Signal Processing

Simplifying a Signal

Whenever you seek to apply a tool on your data that will operate on each value and this tool is time and / or resource consuming, it might be a good idea to operate on as few values as possible. Simply removing duplicated values is not always the best approach. Think of a discharge time series where you want to calculate an index that depends on a previous state.

Set up a test case

The example below will show the idea behind the simplify method of the signal submodule. At first some imports.

In [1]: import numpy as np

In [2]: import matplotlib.pyplot as plt

In [3]: import matplotlib as mpl

In [4]: mpl.style.use('ggplot')

And now setup and plot the test signal.

In [5]: x = np.array([1., 1.2, 1.5, 1.5, 1.5, 1.5, 1.6, 1.5, 1.6, 1.5, 1., 0.5,
   ...:               0.2, 0.3, 0.2, 0.3, 0.2, 0.3, 0.2, 0.3, 0.2, 0.3, 0.2, 0.3,
   ...:               0.3, 0.3, 0.3, 0.3, 0.3, 0.3, 0.3, 0.3, 0.7, 1., 1.5, 1.6,
   ...:               1.5, 1.6, 1.5, 1.6, 1.5, 1.6])
   ...: 

In [6]: plt.plot(x, '.--r');
../_images/examples_sample_data.png

Handling replicas

There are a number of replications.
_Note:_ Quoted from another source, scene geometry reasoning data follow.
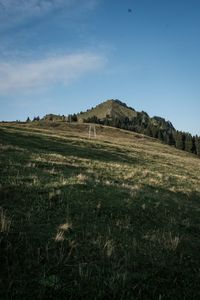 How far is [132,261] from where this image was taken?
823 centimetres

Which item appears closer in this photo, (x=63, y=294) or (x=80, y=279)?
(x=63, y=294)

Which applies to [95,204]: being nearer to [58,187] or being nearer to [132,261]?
[58,187]

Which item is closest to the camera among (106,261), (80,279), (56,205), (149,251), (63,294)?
(63,294)

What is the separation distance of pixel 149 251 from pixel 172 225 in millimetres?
3827

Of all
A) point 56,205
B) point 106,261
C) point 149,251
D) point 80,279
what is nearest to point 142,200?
point 56,205

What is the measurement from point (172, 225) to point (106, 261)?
5.28 meters

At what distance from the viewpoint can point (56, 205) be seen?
12.1 m

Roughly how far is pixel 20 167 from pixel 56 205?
7876mm

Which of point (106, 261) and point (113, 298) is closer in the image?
point (113, 298)

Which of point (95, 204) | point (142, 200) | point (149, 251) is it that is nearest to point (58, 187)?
point (95, 204)

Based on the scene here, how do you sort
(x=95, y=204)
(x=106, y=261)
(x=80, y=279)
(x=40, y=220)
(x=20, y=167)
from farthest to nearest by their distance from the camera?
(x=20, y=167) → (x=95, y=204) → (x=40, y=220) → (x=106, y=261) → (x=80, y=279)

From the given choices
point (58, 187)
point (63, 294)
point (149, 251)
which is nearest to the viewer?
point (63, 294)

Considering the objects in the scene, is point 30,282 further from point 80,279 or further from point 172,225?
point 172,225

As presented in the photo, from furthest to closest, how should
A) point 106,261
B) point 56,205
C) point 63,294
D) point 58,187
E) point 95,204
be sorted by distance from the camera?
1. point 58,187
2. point 95,204
3. point 56,205
4. point 106,261
5. point 63,294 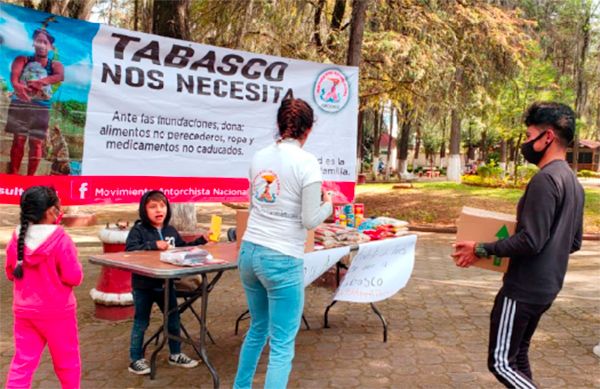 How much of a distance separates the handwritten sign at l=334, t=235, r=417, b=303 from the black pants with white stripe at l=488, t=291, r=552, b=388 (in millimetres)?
1921

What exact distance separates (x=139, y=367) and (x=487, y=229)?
112 inches

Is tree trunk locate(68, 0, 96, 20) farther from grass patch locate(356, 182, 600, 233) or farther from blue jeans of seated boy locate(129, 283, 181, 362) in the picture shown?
blue jeans of seated boy locate(129, 283, 181, 362)

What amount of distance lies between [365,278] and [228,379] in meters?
1.54

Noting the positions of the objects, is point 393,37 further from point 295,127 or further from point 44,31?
point 295,127

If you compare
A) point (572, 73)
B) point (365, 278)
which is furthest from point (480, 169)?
point (365, 278)

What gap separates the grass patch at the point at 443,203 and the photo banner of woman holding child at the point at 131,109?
8.95 metres

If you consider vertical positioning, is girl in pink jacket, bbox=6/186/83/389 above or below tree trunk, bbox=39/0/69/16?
below

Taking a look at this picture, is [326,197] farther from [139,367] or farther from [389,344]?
[389,344]

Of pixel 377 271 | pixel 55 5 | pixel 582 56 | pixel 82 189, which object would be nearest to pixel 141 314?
pixel 82 189

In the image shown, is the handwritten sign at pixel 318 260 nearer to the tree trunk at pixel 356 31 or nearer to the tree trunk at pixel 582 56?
the tree trunk at pixel 356 31

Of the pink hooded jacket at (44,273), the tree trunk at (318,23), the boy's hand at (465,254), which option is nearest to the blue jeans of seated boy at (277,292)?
the boy's hand at (465,254)

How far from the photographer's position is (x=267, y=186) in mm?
3143

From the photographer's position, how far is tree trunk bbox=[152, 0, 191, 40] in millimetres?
6645

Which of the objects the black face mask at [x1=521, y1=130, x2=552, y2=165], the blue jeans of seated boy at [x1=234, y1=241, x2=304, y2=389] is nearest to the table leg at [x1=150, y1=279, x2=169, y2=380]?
the blue jeans of seated boy at [x1=234, y1=241, x2=304, y2=389] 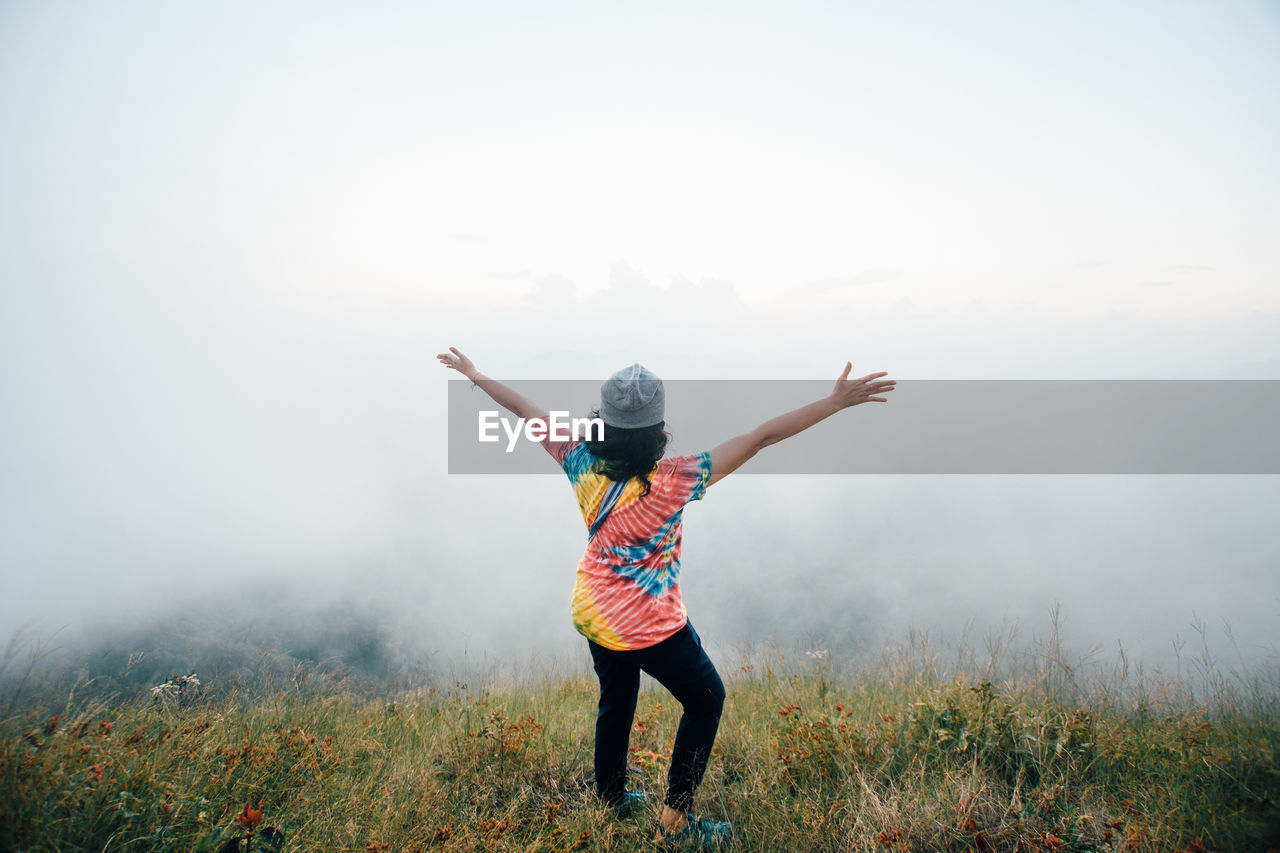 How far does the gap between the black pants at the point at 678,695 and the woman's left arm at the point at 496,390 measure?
1.32 metres

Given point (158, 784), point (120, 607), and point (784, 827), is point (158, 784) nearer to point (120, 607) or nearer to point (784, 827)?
point (784, 827)

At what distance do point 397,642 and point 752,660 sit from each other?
241 feet

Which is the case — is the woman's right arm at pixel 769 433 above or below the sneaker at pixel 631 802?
above

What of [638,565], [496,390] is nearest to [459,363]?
[496,390]

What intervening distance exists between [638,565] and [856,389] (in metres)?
1.45

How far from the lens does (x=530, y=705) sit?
219 inches

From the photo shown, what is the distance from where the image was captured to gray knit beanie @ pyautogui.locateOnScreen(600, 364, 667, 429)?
10.3 ft

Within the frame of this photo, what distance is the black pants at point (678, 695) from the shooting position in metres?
3.13

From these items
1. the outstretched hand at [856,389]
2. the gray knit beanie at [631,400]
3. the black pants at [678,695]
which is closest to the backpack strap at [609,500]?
the gray knit beanie at [631,400]

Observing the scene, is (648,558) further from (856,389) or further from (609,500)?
(856,389)

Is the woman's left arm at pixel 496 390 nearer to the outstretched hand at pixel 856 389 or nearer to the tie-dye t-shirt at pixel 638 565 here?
the tie-dye t-shirt at pixel 638 565

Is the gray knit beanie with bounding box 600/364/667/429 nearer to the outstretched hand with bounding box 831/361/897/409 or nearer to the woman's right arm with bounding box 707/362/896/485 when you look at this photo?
the woman's right arm with bounding box 707/362/896/485

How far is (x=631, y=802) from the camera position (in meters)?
3.57

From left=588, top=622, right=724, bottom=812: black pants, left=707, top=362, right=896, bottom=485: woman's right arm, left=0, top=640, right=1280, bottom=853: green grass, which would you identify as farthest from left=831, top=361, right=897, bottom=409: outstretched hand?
left=0, top=640, right=1280, bottom=853: green grass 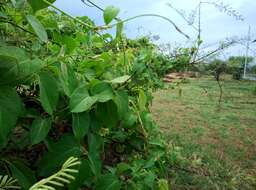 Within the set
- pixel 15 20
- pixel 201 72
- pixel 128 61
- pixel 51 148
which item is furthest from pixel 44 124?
pixel 201 72

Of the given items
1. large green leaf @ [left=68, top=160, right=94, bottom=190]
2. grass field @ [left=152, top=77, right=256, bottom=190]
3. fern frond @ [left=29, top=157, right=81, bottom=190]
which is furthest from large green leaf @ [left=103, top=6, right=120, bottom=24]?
grass field @ [left=152, top=77, right=256, bottom=190]

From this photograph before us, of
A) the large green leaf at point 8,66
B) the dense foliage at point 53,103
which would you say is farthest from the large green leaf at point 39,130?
the large green leaf at point 8,66

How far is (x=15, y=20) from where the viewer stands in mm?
593

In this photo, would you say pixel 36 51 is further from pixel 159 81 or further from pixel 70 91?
pixel 159 81

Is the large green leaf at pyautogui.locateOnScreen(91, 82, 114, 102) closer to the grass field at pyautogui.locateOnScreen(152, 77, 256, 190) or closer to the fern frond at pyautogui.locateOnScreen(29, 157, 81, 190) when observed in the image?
the fern frond at pyautogui.locateOnScreen(29, 157, 81, 190)

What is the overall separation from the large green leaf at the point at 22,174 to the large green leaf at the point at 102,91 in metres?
0.14

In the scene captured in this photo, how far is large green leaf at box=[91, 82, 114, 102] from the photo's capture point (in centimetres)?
56

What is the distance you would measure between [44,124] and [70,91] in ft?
0.20

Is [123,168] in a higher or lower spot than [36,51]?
lower

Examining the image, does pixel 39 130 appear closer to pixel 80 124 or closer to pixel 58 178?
pixel 80 124

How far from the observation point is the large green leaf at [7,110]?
44 cm

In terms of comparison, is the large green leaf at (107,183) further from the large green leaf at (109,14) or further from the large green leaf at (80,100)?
the large green leaf at (109,14)

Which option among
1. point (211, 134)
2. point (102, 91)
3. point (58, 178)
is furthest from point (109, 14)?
point (211, 134)

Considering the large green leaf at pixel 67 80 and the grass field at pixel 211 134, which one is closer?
the large green leaf at pixel 67 80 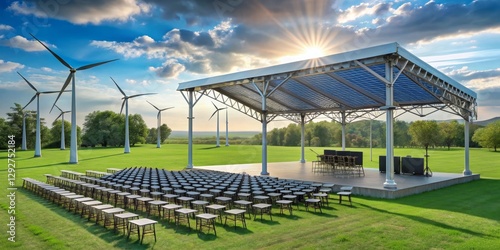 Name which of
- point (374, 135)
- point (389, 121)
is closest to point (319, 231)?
point (389, 121)

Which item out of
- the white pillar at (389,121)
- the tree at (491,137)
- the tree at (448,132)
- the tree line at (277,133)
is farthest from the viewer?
the tree line at (277,133)

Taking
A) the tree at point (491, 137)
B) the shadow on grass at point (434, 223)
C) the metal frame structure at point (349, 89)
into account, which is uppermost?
the metal frame structure at point (349, 89)

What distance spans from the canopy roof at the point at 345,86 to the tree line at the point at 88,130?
53.6 metres

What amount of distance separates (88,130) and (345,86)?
7040 cm

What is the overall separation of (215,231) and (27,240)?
4107 millimetres

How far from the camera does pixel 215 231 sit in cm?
782

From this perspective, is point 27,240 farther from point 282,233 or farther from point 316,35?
point 316,35

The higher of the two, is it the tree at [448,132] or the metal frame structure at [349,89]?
the metal frame structure at [349,89]

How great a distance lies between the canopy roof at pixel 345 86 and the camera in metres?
13.8

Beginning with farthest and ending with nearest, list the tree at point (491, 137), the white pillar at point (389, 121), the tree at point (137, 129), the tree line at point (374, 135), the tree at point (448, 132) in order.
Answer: the tree at point (137, 129) < the tree at point (448, 132) < the tree line at point (374, 135) < the tree at point (491, 137) < the white pillar at point (389, 121)

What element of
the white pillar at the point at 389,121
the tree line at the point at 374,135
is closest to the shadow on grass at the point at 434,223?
the white pillar at the point at 389,121

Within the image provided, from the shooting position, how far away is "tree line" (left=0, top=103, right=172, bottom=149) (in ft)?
206

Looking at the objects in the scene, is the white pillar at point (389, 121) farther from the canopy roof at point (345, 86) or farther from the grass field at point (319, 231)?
the grass field at point (319, 231)

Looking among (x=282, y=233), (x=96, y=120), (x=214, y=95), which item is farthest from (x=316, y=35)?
(x=96, y=120) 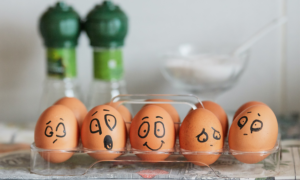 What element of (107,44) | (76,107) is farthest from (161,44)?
(76,107)

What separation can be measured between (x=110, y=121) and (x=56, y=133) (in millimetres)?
71

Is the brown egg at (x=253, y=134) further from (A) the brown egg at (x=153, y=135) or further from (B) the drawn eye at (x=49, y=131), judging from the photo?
(B) the drawn eye at (x=49, y=131)

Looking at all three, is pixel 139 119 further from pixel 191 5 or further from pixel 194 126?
pixel 191 5

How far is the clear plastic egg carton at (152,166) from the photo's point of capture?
41 cm

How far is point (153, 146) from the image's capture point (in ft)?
1.33

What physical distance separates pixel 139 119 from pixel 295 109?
568 millimetres

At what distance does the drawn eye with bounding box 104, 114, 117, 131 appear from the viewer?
1.35 ft

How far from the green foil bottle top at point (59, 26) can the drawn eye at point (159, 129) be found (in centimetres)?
36

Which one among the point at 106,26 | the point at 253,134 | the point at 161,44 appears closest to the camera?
the point at 253,134

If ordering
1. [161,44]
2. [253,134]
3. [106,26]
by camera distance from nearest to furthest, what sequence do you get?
1. [253,134]
2. [106,26]
3. [161,44]

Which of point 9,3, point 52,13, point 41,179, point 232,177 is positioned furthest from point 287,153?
point 9,3

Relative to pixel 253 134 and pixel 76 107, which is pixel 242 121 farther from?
pixel 76 107

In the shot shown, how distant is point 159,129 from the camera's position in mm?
407

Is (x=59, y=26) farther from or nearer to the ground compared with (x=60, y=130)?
farther from the ground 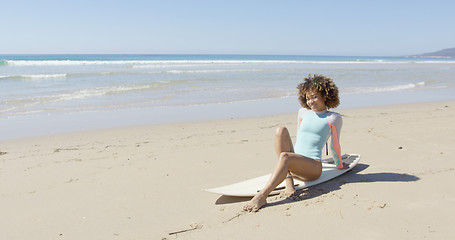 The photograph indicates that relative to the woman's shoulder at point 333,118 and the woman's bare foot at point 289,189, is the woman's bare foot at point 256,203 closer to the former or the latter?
the woman's bare foot at point 289,189

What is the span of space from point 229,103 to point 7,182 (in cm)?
731

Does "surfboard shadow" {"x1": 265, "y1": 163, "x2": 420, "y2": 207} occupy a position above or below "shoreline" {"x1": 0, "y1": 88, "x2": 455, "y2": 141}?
below

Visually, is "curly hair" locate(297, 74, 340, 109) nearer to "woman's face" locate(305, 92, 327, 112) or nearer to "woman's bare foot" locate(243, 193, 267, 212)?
"woman's face" locate(305, 92, 327, 112)

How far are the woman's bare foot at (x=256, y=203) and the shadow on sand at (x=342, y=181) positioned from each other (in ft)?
0.31

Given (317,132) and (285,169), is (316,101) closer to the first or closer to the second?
(317,132)

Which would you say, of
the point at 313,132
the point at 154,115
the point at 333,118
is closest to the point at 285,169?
the point at 313,132

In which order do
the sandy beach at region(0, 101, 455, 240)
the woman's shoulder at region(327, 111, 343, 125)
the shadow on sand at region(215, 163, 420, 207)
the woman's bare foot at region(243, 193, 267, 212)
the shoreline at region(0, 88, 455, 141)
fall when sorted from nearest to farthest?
1. the sandy beach at region(0, 101, 455, 240)
2. the woman's bare foot at region(243, 193, 267, 212)
3. the shadow on sand at region(215, 163, 420, 207)
4. the woman's shoulder at region(327, 111, 343, 125)
5. the shoreline at region(0, 88, 455, 141)

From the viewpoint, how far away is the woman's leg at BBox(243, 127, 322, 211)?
3270mm

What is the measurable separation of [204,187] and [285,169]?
1069 mm

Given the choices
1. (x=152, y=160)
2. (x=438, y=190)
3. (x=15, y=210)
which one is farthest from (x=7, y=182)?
(x=438, y=190)

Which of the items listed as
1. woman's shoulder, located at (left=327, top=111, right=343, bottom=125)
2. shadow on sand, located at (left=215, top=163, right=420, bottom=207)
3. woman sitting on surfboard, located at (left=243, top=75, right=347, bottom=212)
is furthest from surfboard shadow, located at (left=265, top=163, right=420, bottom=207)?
woman's shoulder, located at (left=327, top=111, right=343, bottom=125)

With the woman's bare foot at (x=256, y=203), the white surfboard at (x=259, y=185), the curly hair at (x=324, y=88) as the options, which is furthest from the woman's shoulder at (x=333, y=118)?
the woman's bare foot at (x=256, y=203)

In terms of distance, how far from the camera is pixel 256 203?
3.24 m

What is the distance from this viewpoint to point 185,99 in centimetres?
1198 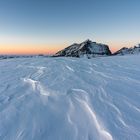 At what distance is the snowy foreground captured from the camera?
9.58 ft

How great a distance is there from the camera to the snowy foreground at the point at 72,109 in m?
2.92

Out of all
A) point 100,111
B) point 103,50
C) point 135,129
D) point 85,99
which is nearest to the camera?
point 135,129

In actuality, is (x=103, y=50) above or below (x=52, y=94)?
below

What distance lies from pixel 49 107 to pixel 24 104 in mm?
571

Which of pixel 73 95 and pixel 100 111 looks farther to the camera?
pixel 73 95

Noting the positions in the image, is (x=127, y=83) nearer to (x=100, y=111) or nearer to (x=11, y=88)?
(x=100, y=111)

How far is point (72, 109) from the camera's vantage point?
3672mm

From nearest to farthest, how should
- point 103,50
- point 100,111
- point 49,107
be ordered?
point 100,111, point 49,107, point 103,50

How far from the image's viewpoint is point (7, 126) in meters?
3.21

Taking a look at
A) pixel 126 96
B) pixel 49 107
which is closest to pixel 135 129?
pixel 126 96

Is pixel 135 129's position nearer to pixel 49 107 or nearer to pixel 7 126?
pixel 49 107

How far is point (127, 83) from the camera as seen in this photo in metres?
5.15

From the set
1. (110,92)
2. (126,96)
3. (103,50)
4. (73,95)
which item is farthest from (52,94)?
(103,50)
We want to get rid of those.

In [7]: from hydrobox.toolbox import simplify

In [8]: plt.plot(simplify(x, flatten=False), '.--r');
../_images/examples_simplified_sample.png
Look at the amount of markers in both plots, where the signal gave a constant
value. The replicas got dropped from the signal.

Handling sensor precision noise

So far, this only removed subsequent value duplicates. The other signal information this method can simplify is the constant repetition of two values. This usually happens in environmental sensors either in constant conditions or during really slow state changes. In these cases the signal can alternate between two states within the sensor resolution. These recordings can be evened out by setting the flatten attribute to True.

In [9]: plt.plot(simplify(x, flatten=True), '.--r');
../_images/examples_simplified_sample2.png

Of course, the index information was completely lost. In this example the x-axis is just counting the occurrences of values. In case you need the index information for further analysis, you have to extract the index and preserve it, before calling the simplify method.

Important

The preservation of indices, whenever the data is of type pandas.Series is planned for a future release.

Warning

Keep in mind that two very strong assumptions are underlying this method. It does change the signal dramatically. Ensuring that the sensor noise assumption is correct is completely up to you.